As enterprise architecture (EA) matures into an established discipline in most moderate to large scale IT organizations, EA is increasingly being challenged to demonstrate objective evidence of its contribution to the corporation. Beginning even before the current economic crisis began, the senior business management intensified their scrutiny of IT in relation to measurable benefits. Increasingly, IT divisions are being required to produce detailed metrics that provide quantitative evidence of their contributions.
This presents a particular challenge to EA. Other IT divisions tend to have well-established criteria to measure their performance: Percent uptime for systems, error rates for applications, number of calls resolved on the first contact for help centers, etc. EA, on the other hand, is rarely directly responsible for any obvious quantifiable measure. Its impact is more subtle. EA governance, for example, may significantly enhance the quality of development efforts, but is rarely held directly responsible for the success or failure of a specific project. Similarly, while EA clearly has an important oversight role with regard to infrastructure and time to recover from a planned drill or actual disaster, you cannot reasonably attribute measurable results to the quality of EA efforts. An effective EA organization, while touching on a vast array of IT activities, is solely responsible for relatively few projects. Its value is far more often incremental, strengthening system development and maintenance and avoiding unnecessary risk rather than having primary responsibility.
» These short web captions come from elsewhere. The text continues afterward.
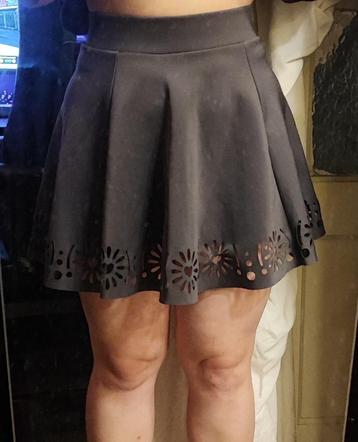 Kort skater / A-lijn rokje beschikbaar voor biedingen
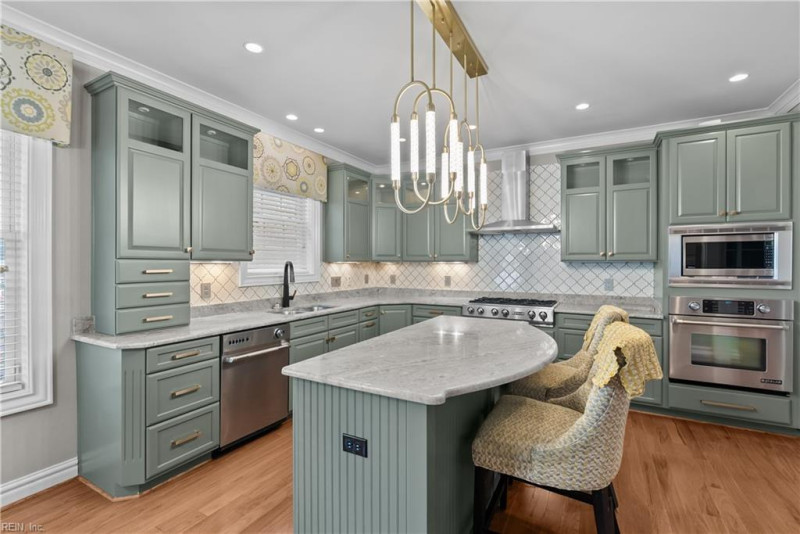 Photo 15 of 50 residential for sale in Norfolk virginia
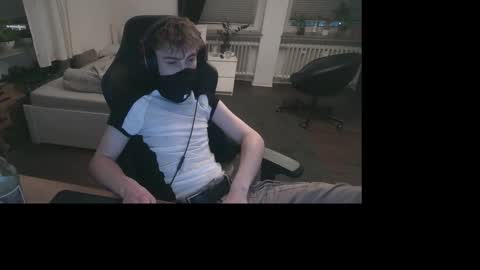 Dean online show from 10-28-25, 05:59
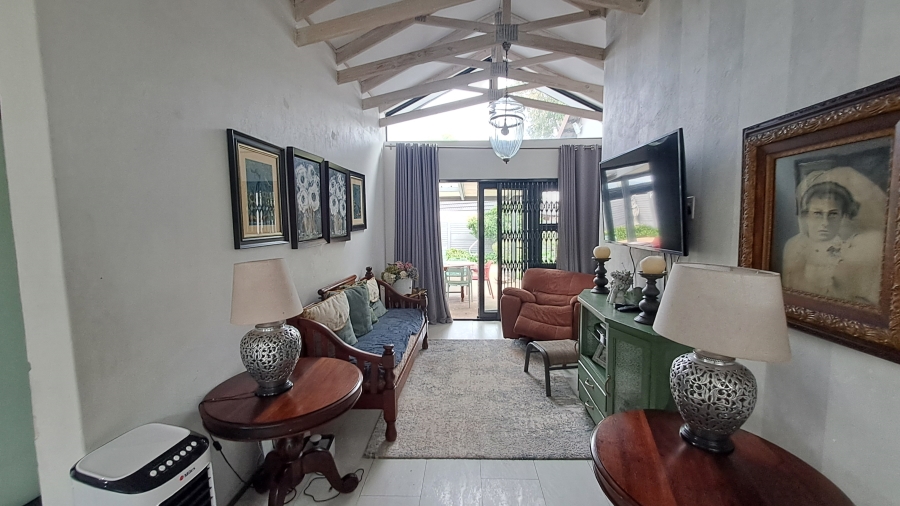 5 Bedroom Property for Sale in Leslie Mpumalanga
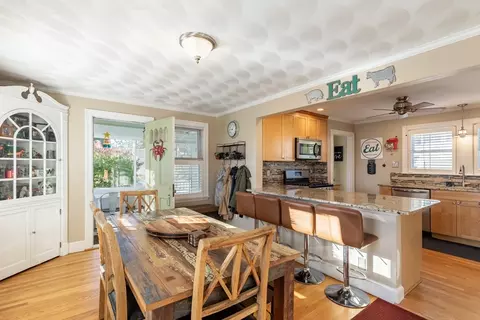 Dining - 7 Folger Ave, Beverly, MA 01915 photo 2 of 4
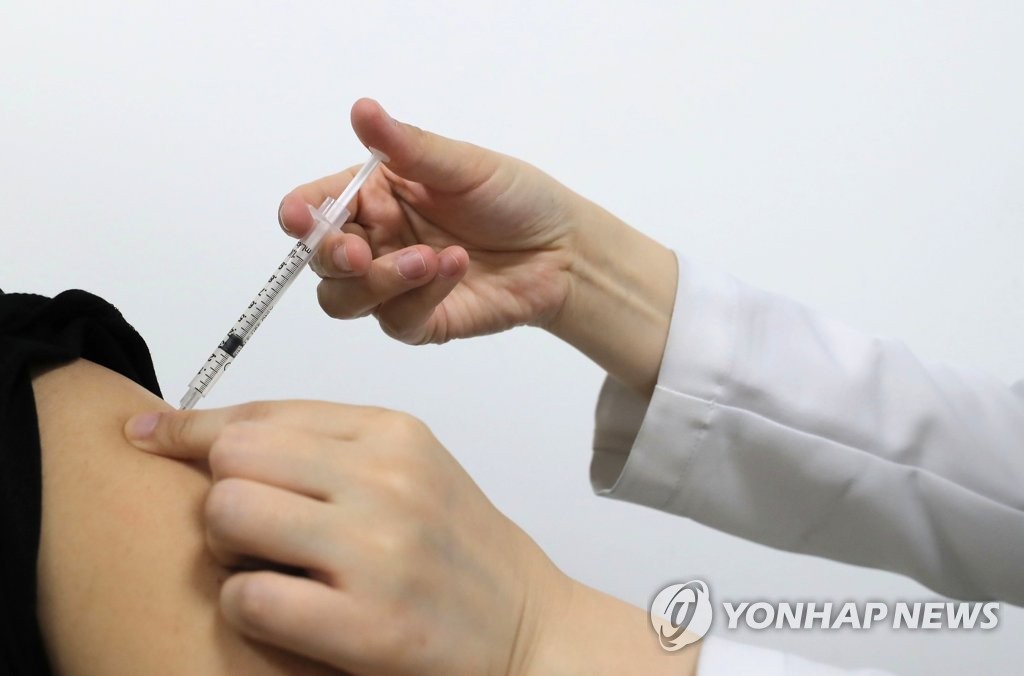 "WHO 긴급승인 백신 접종자에도 '입국후 자가격리 면제' 검토중"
The development of common services for which some EA organizations assume responsibility is an exception to this rule, but the measurement of the value of these services is not simple either. Several measures are applicable:
- The number of services used by multiple applications
- Error rates
- Transaction throughput
However, this last metric—transaction throughput—may not provide a clear indication of EA contribution
that is meaningful to senior management. CEOs and CFOs are often unimpressed with these numbers. They are aware
that the real question is whether the centralization of services is cost-effective relative to each application.
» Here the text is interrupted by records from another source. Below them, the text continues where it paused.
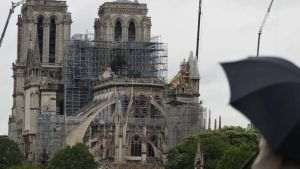 Membrii corului de la Notre-Dame din Paris au susţinut concertul de Crăciun purtând echipamente de securitate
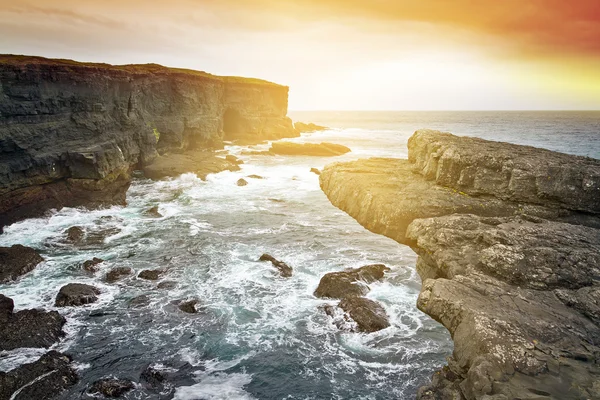 Sonnenuntergang an der irischen Klippenlandschaft — Stockfoto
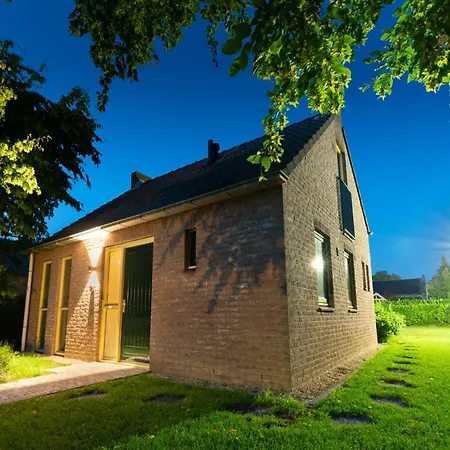 6p Vrijstaand Met Royale Tuin En Hottub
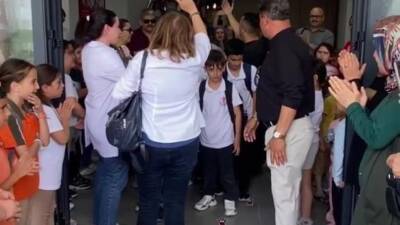 Hatay’da bir ilkokulda 46 yıl boyunca görev yapan öğretmen, öğrencilerinin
They do not accept on faith that common services—which you often need to "tweak" for effective reuse—save the corporation money. While upper management is interested in these statistics, they do not, in themselves, give executives a means to measure EA's value in relation to its cost.
Beyond the limited number of metrics that are directly attributed to common services, EA's metric waters are muddy. It's success at setting, publishing, and enforcing standards may have an effect on, say, system up time, but how much of an effect? If programs crashed the system or systems that met corporate coding standards but contained buried errors, is EA at fault? Possibly, but it certainly would not be the first area investigated in seeking root causes. If EA shouldn't be blamed if server capacity was maxed out, can it claim credit when all systems perform perfectly? Similarly, quantifying EA's role in project efficiency statistics, such as on-time delivery, number of errors detected and resolved prior to user acceptance testing, requires assumptions and interpretations that defeat the goal of providing purely objective measures.